3952 Bana İmâm Mâlik, Omer ibn Ubeydillah’ın âzâdlısı Ebu’n-Nadr’dan; o da Ubeyd’den, yani İbn Huneyn’den; o da Ebû Saîd el-Hudrî (radıyallahü anh)’den şöyle tahdîs etti: Rasûlüllah (sallallahü aleyhi ve sellem) minber üzerine oturdu ve:
— “Şübhesiz bir kul var ki, Allah onu dünyânın güzelliğinden kendisine dilediği kadar vermekle, kendi yanındaki âhiret atıyyeleri arasında muhayyer kıldı; o kul da Allah katında olan şeyleri tercih etti” buyurdu. Bu söz üzerine Ebû Bekr ağladı ve:
— Babalarımız, analarımız Sana feda olsun, dedi.

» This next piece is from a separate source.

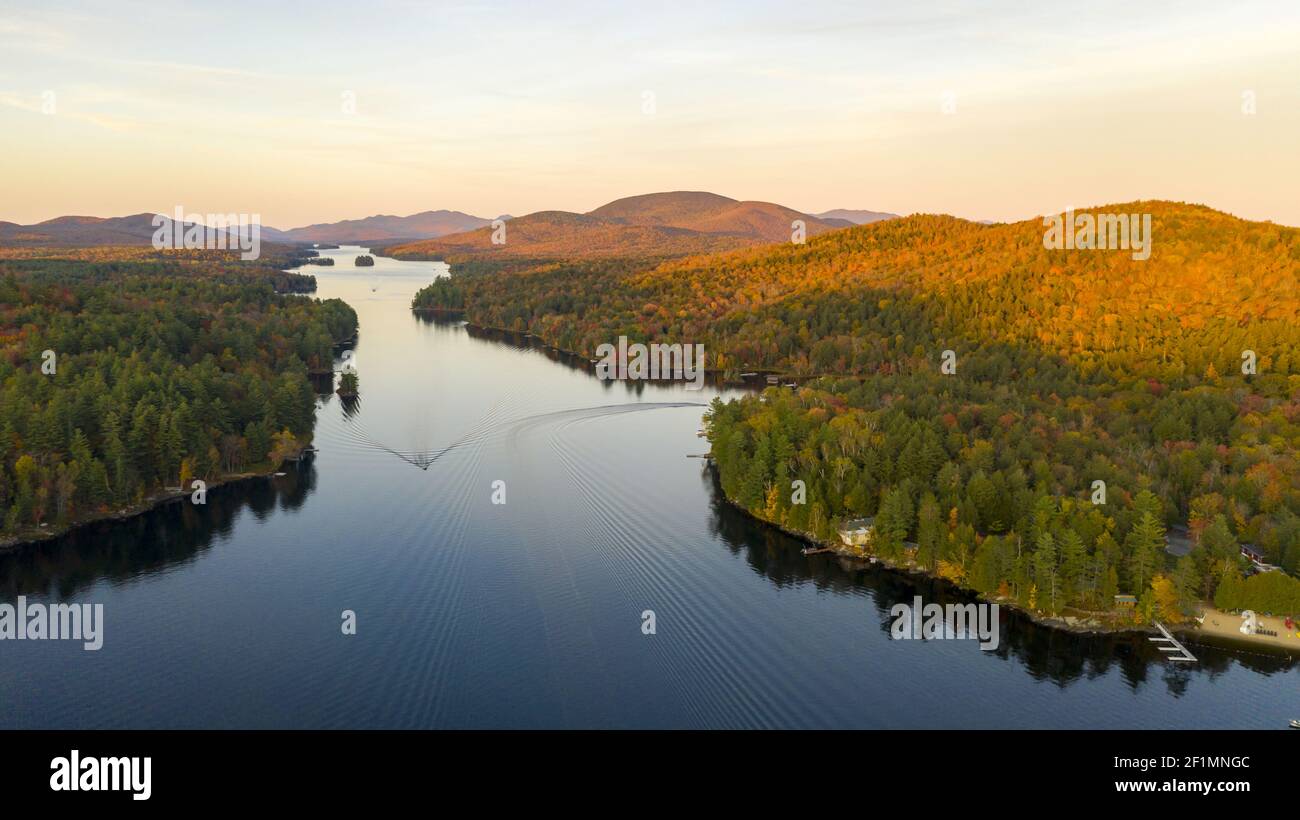 Vista aerea sulle montagne del Parco di Long Lake Adirondack New York STATI UNITI Foto Stock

Biz Ebû Bekr’in bu sözlerine hayret ettik. İnsanlar da hayret edip:
— Bu şeyhe bakınız! Rasûlüllah, Allah’ın dünyâ güzelliğinden vermekle kendi yanında olan şeyler arasında muhayyer kıldığı bir kuldan haber veriyor; bu şeyh de: Babalarımızı, analarımızı Sana feda ettik diyor! Dediler. Meğer Rasûlüllah, o muhayyer kılınan kul imiş; Ebû Bekr de bunu hepimizden iyi bilen imiş. Rasûlüllah (sallallahü aleyhi ve sellem):
— “Şübhesiz arkadaşlık hususunda da, mal harcama hususunda da insanların bana en çok vergilisi olan Ebû Bekr’dir. Ümmetimden birini kendime halîl edinecek olaydım, muhakkak Ebû Bekr’i edinirdim, lâkin islâm yüzünden olan kardeşlik ve sevgi (şahsî dostluktan üstündür). Mescid’de Ebû Bekr’in küçük kapısından başka kapanmadık hiçbir kapı kalmasın” buyurdu.